Data Mapping Using Numpy and Pandas in Python

Filed Under: Python Advanced
Data Mapping In Python

Data manipulation or transformation is the key aspect of any analysis. I am saying this because chances of getting insights that make sense are highly impossible. You should transform raw data into meaningful data. You may need to create new variables, bring the data into one form or even rearrange the data to make sense out of it.

This helps in identifying the anomalies and extract more insights than you think.
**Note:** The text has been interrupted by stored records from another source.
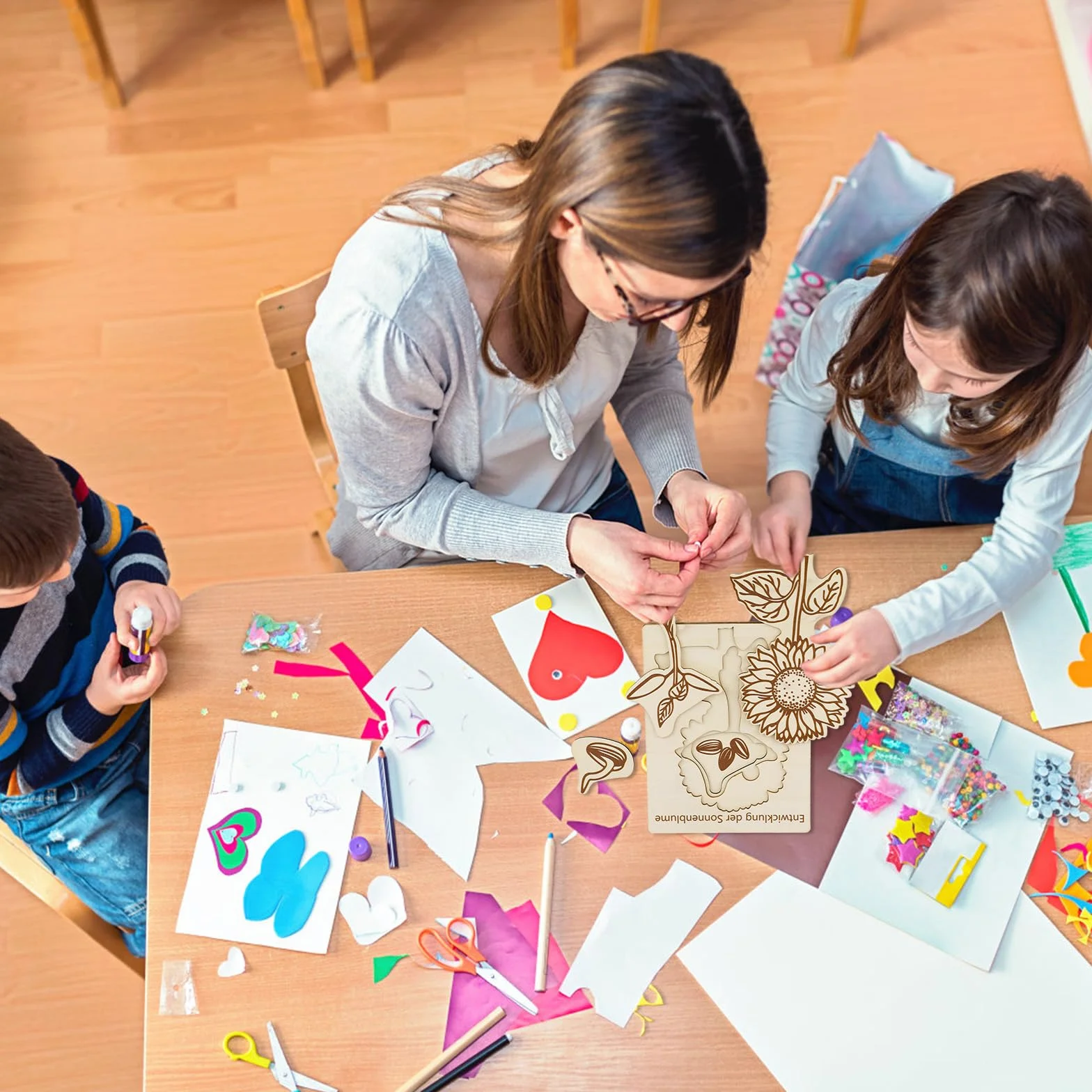 Puzzle du Cycle Vie Tournesol pour Enfants, Jouets Éducatifs en Bois, Apprentissage du Cycle Vie, 3-8 Ans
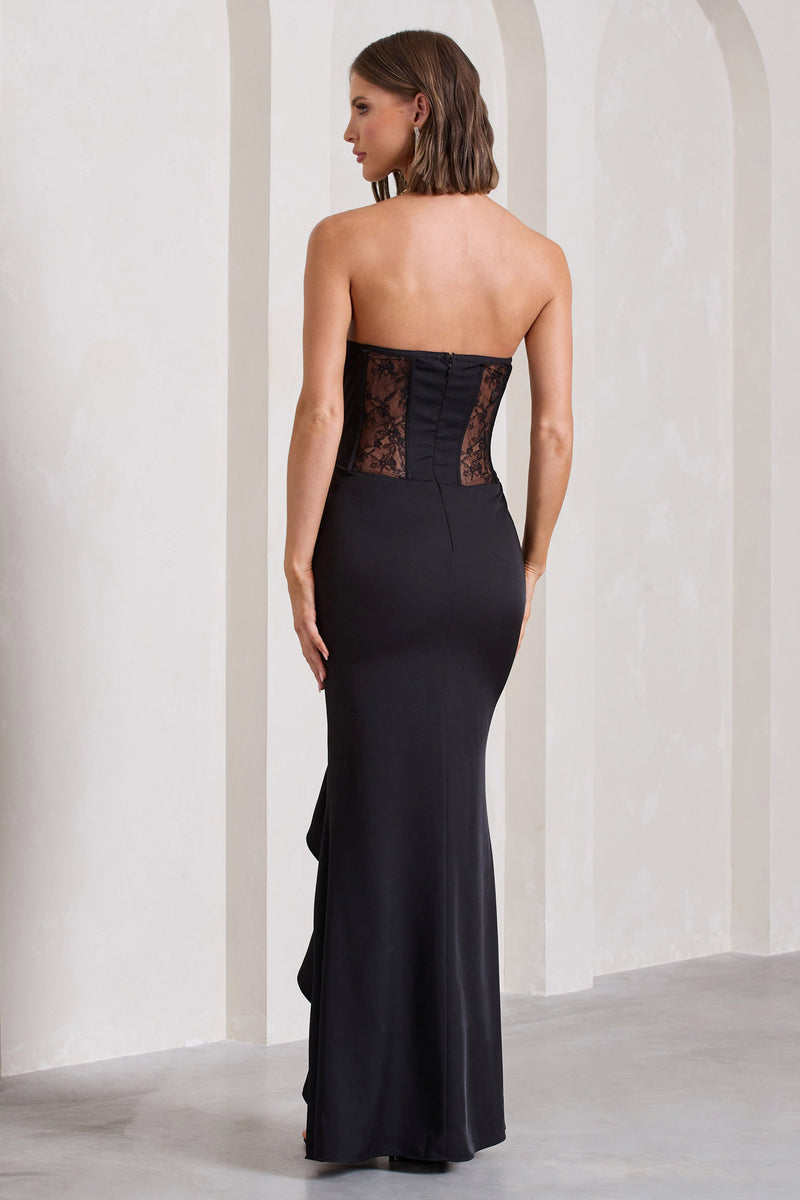 Attention Please Black Strapless Lace Panelled Corset Split Maxi Dre – Club L London - USA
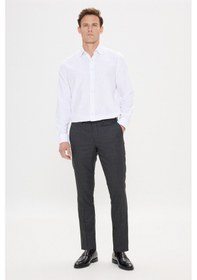 Resim AC&Co / Altınyıldız Classics Erkek Beyaz Slim Fit Dar Kesim Klasik Yaka Pamuklu Oxford Gömlek Beyaz 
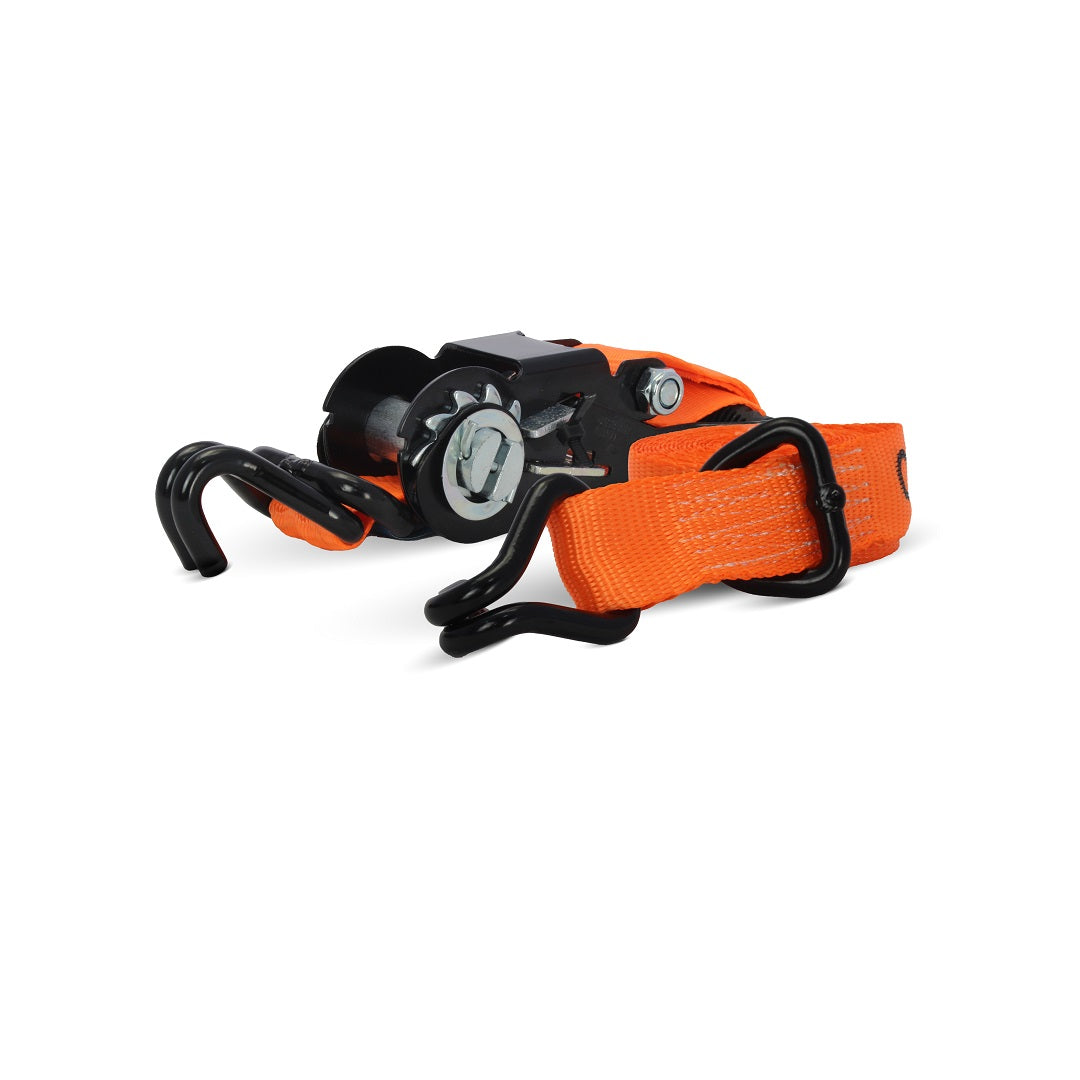 The Cargo Mate Ratchet Straps, 38mm x 4.5m, feature orange polypropylene webbing with black hooks and a metal buckle mechanism for secure cargo fastening with an automatic locking ratchet.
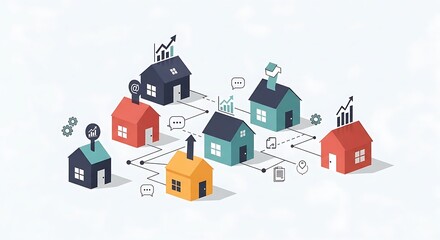 Fototapeta premium Isometric Connected Houses Representing Real Estate Network and Property Management.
Therefore, in this article, we will be discussing some of the python pandas and numpy functions which help us in Data mapping and replacement in python.


1. Create a Data Set

For the data mapping purpose, let’s create a simple dataset using the pandas dataframe function. This will be a simple student grade dataset.

we will be creating a simple dataset having 2 columns, one for student name and another for student grade.

#Create a dataset

import pandas as pd

student =  {'Name':['Mike','Julia','Trevor','Brooks','Murphy'],'Grade':[3.5,4,2.1,4.6,3.1]}

df = pd.DataFrame(student)

df

	Name	Grade
0	Mike	3.5
1	Julia	4.0
2	Trevor	2.1
3	Brooks  4.6
4	Murphy	3.1

Well, we got simple students data. Let’s see how we can map and replace the values as a part of the data transformation process.


2. Replacing Values in the data

So, we have data that include 5 values and multiple attributes. Now, we got a message from the class teacher that Murphy actually secured 5 grades and he is the topper in the class. We need to replace the old grade with a new grade as per the teacher’s words.

So, here we go…

#Replacing data

df['Grade'] = df['Grade'].replace([3.1],5)

#Updated data

	Name	Grade
0	Mike	3.5
1	Julia	4.0
2	Trevor	2.1
3	Brooks	4.6
4	Murphy	5.0

That’s great! We have successfully replaced the old grade(Value) with a new grade(Value). It is just an example and I have provided a real-world application of this process.

In the real world use case, you have to submit a data quality report to the client and you need to ask for correct values if you found the current data is not good. After you get the revised data from client, you should replace that against old record.


More Examples / Instances

  • Well, now we look for some other requirements as well. Let’s see how we can replace multiple old values with a set of new values.
#Replace multiple values with new set of values

df['New_grades']= df['Grade'].replace([3.5,4.0,2.1,4.6,5.0],['Average','Good','Needs Improvement','Good','Excellent'])

df
	Name	Grade
0	Mike	Average
1	Julia	Good
2	Trevor	Needs Improvement
3	Brooks	Good
4	Murphy	Excellent

That’s cool!

We have amazingly replaced multiple values a set of new values. As you can see, we have replaced all 5 values at once.

  • Replacing multiple values with a single new value.
#Replacing multiple values with a single new value 

df['Grade']= df['Grade'].replace(['Average','Good','Needs Improvement','Good','Excelelnt'],'Good')

df
    Name	Grade
0	Mike	Good
1	Julia	Good
2	Trevor	Good
3	Brooks	Good
4	Murphy	Good

That’s it. As simple as that. This is how you can replace multiple value with new set of values and a single new value.


3. Data Mapping Using Pandas Cut function

Well, we have discussed replacing values with multiple scenarios. Now, we will see how we can do this using the Pandas cut function in python.

In the above examples, we have manually replaced the values. But here, we will be creating bins and assign the values based on the grades.

#Pandas cut function 

my_bins = [0,2,4,5]
my_comments = ['Poor','Satisfied','Good']
df['New_Grades'] = pd.cut(df['Grade'],my_bins,labels=my_comments)
    Name	Grade	New_Grades
0	Mike	3.5	    Satisfied
1	Julia	4.0	    Satisfied
2	Trevor	2.1	    Satisfied
3	Brooks	4.6	    Good
4	Murphy	5.0	    Good

Excellent! We have mapped new grades into the data.

  • You need to define the bins.
  • Add the comments for the bins range.
  • Map the new variable into the data

4. Data Mapping using Numpy.digitize Function

This function will do the same mapping as pandas cut did. But, the difference is we have to create a dictionary and map it to the data.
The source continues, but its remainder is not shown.